Start of Supplied material

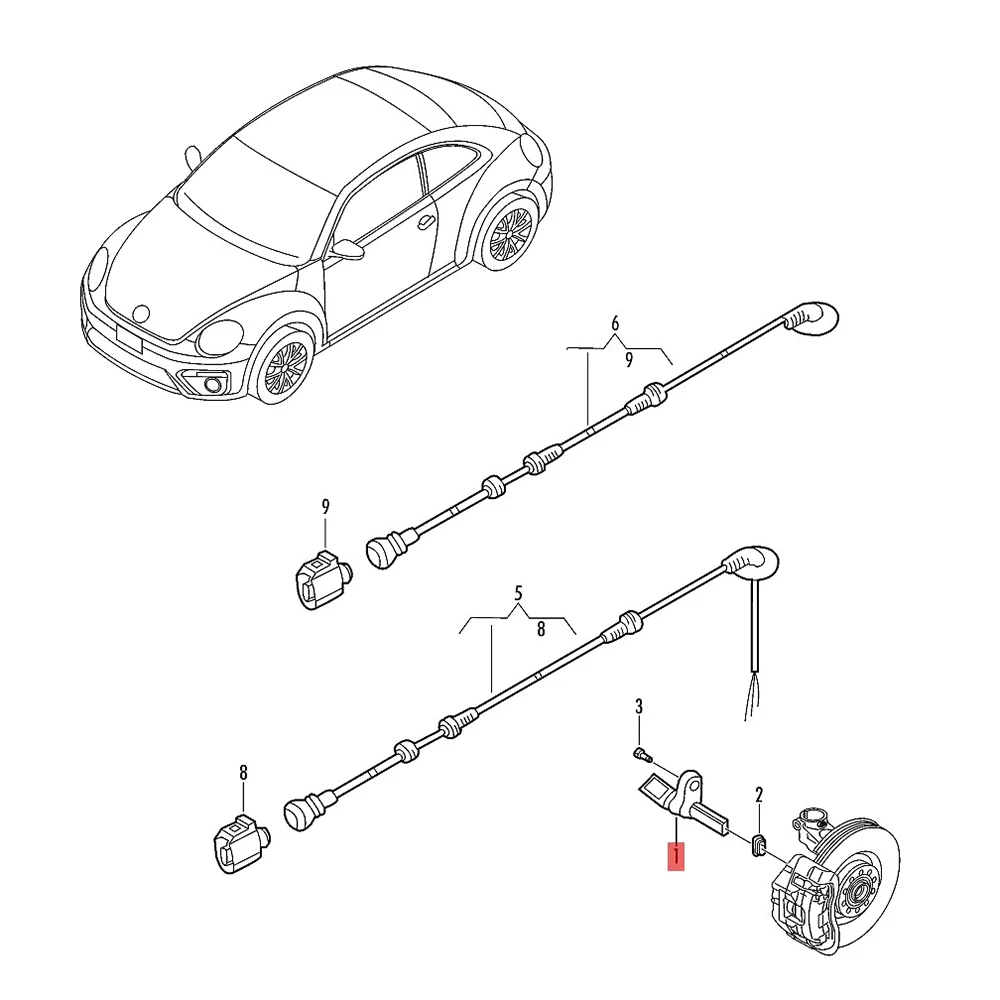 Левый задний датчик скорости ABS WHT 003 859 для Audi A3 S3 RS3 TT VW CC Eos Golf Beetle Passat Tiguan Sharan Seat Toledo WHT003859.
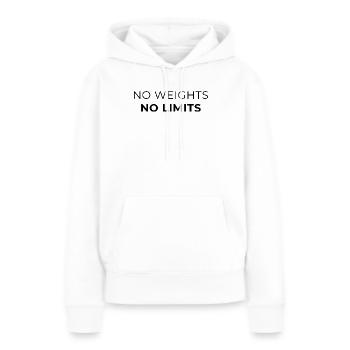 Pas de poids - Pas de limites - Calisthénie - Sweat à capuche Premium bio Femme - blanc - Devant - Julia (174cm)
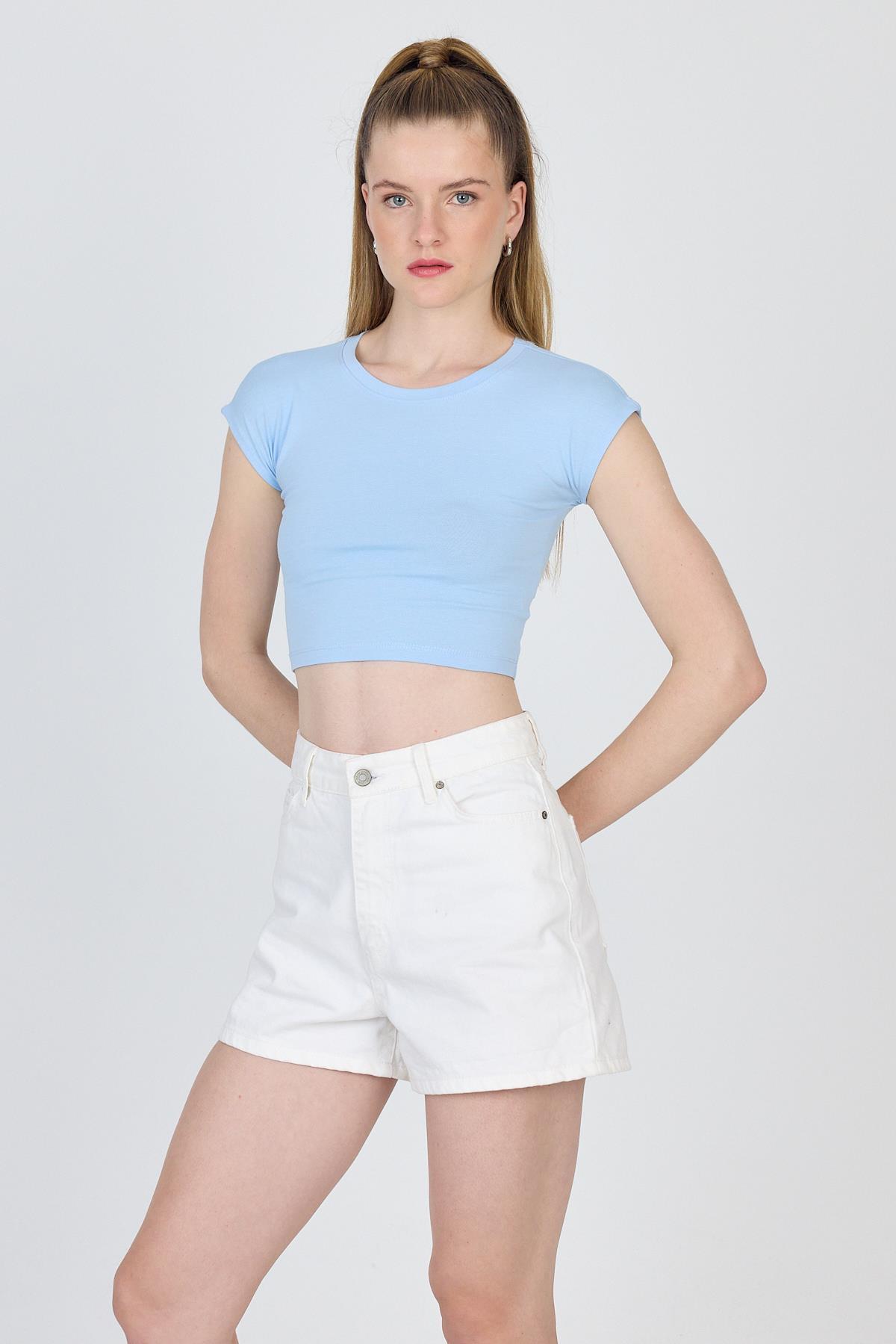Mavi Bisiklet Yaka Pamuklu Slim Fit Crop Tişört 9199M - RAYS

End of Supplied material

● **Exercise brief**
A faithful copy of all the lines above is needed, with the pictures omitted.

● **Expected answer**
 Левый задний датчик скорости ABS WHT 003 859 для Audi A3 S3 RS3 TT VW CC Eos Golf Beetle Passat Tiguan Sharan Seat Toledo WHT003859.
 Pas de poids - Pas de limites - Calisthénie - Sweat à capuche Premium bio Femme - blanc - Devant - Julia (174cm)
Mavi Bisiklet Yaka Pamuklu Slim Fit Crop Tişört 9199M - RAYS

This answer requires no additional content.